▶ ACTIVITY: Print, in exact form, the lines below from the one containing "Private Holiday House photo" through the one containing "Brúsne materiály Starcke 10KZU360P", and omit all others.

▶ EXCERPTED RECORDS:

# # # #

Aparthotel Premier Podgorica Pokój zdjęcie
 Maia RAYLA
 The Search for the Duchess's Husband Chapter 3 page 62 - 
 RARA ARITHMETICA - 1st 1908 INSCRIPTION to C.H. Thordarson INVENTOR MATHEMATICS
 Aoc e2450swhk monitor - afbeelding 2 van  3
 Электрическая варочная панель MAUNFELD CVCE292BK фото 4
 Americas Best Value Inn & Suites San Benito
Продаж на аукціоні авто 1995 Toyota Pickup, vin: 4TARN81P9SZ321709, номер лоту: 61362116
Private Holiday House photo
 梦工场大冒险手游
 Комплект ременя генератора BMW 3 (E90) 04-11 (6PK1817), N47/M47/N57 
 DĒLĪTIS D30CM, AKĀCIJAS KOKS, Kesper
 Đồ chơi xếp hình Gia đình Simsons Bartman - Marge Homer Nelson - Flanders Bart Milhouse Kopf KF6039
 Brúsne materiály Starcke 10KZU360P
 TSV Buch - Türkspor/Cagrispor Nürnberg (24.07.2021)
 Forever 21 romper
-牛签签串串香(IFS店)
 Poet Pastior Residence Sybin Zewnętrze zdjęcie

# # # #

▶ SOLUTION FOR THIS TASK:
Private Holiday House photo
 梦工场大冒险手游
 Комплект ременя генератора BMW 3 (E90) 04-11 (6PK1817), N47/M47/N57 
 DĒLĪTIS D30CM, AKĀCIJAS KOKS, Kesper
 Đồ chơi xếp hình Gia đình Simsons Bartman - Marge Homer Nelson - Flanders Bart Milhouse Kopf KF6039
 Brúsne materiály Starcke 10KZU360P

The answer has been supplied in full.